──────── Data records ────────
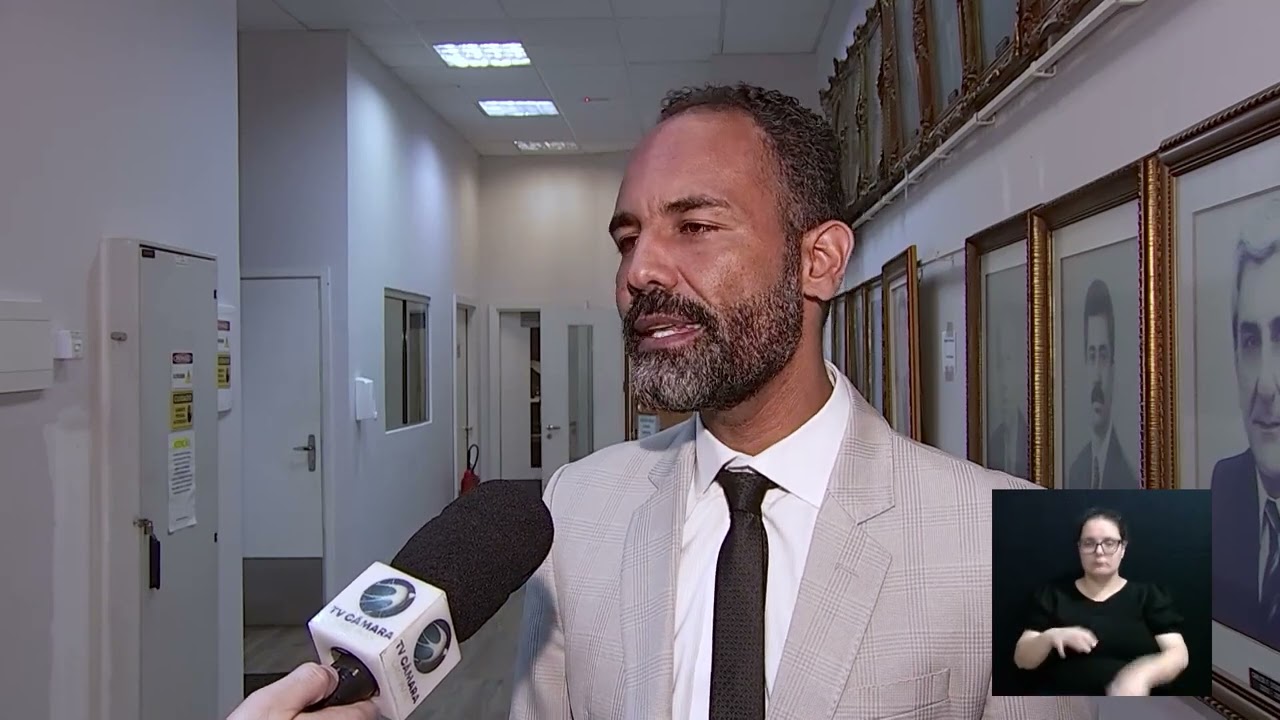 Câmara Notícia | Balanço Frente Parlamentar Atividade Delegada em Campinas 2025 27/01/2026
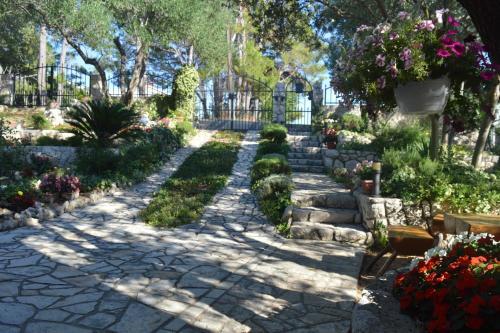Apartment In Rab/insel Rab 17794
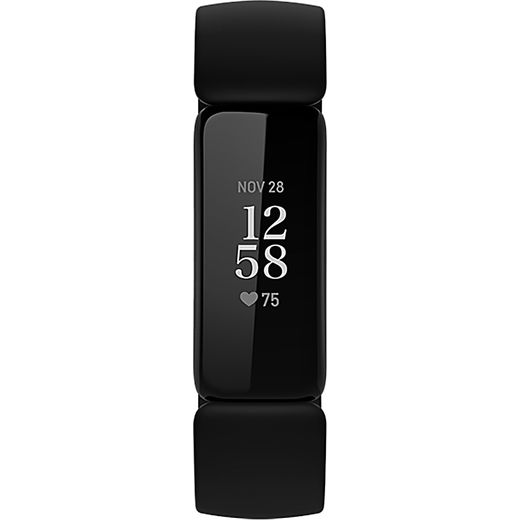 Fitbit Inspire 2 FB418BKBK Fitness Tracker - Black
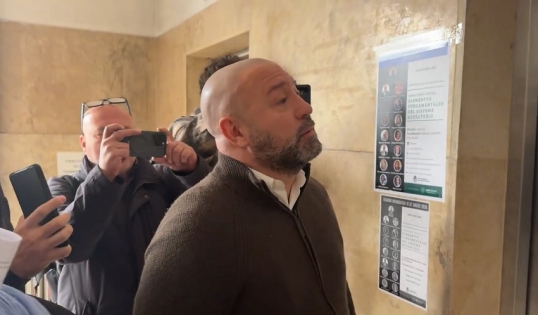 Corrupción en ANDIS: La justicia fija para el 26 de agosto el peritaje de los audios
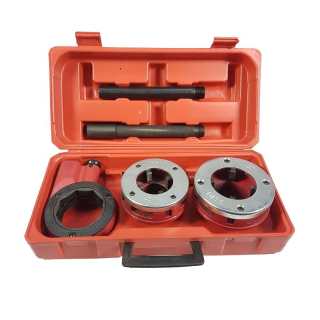Závitorezná hlava  6/4", 2" - MAR-POL M55830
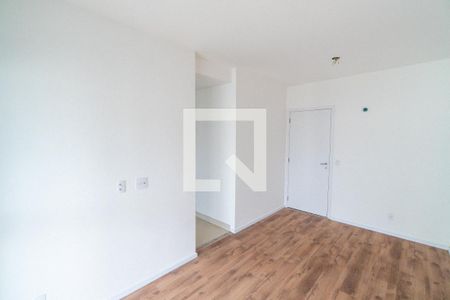 Sala de apartamento para alugar com 2 quartos, 57m² em Vila Mascote, São Paulo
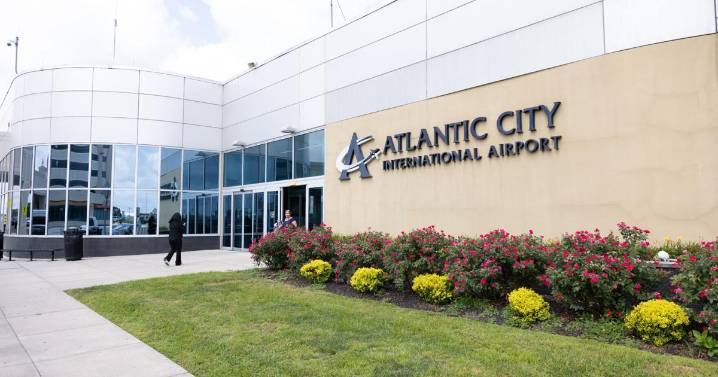 New airline lets Atlantic City International Airport hedge bets vs. Spirit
────────
> Prompt
Write out the entries word for word. Skip the pictures.

> Answer box
 Câmara Notícia | Balanço Frente Parlamentar Atividade Delegada em Campinas 2025 27/01/2026
Apartment In Rab/insel Rab 17794
 Fitbit Inspire 2 FB418BKBK Fitness Tracker - Black
 Corrupción en ANDIS: La justicia fija para el 26 de agosto el peritaje de los audios
Závitorezná hlava  6/4", 2" - MAR-POL M55830
 Sala de apartamento para alugar com 2 quartos, 57m² em Vila Mascote, São Paulo
 New airline lets Atlantic City International Airport hedge bets vs. Spirit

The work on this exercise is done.